:: RECORDED DATA

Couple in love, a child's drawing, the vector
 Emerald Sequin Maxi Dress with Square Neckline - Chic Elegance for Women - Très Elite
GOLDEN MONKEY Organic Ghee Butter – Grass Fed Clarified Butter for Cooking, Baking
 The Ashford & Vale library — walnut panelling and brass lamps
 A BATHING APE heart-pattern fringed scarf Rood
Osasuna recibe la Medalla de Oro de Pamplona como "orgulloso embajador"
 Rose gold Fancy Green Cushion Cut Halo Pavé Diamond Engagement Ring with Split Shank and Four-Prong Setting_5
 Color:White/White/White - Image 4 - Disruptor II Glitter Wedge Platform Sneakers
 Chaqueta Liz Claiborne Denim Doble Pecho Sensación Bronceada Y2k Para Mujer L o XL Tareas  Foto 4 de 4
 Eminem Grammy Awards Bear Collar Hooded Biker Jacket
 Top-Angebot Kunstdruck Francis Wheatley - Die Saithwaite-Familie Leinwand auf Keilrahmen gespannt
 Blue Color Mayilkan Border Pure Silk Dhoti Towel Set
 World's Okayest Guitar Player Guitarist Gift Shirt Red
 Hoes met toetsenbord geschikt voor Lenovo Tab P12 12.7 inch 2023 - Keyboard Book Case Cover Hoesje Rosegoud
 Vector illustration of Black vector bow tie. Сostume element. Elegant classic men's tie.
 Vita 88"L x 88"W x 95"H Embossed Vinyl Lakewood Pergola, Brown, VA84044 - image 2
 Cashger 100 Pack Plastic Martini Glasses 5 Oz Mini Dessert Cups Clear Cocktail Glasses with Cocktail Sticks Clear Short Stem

::::

▶ **ABOUT THIS TASK**: Show every line of the listing containing the string "Color" by copying it.

▶ **PROBLEM SOLUTION**:
 Color:White/White/White - Image 4 - Disruptor II Glitter Wedge Platform Sneakers
 Blue Color Mayilkan Border Pure Silk Dhoti Towel Set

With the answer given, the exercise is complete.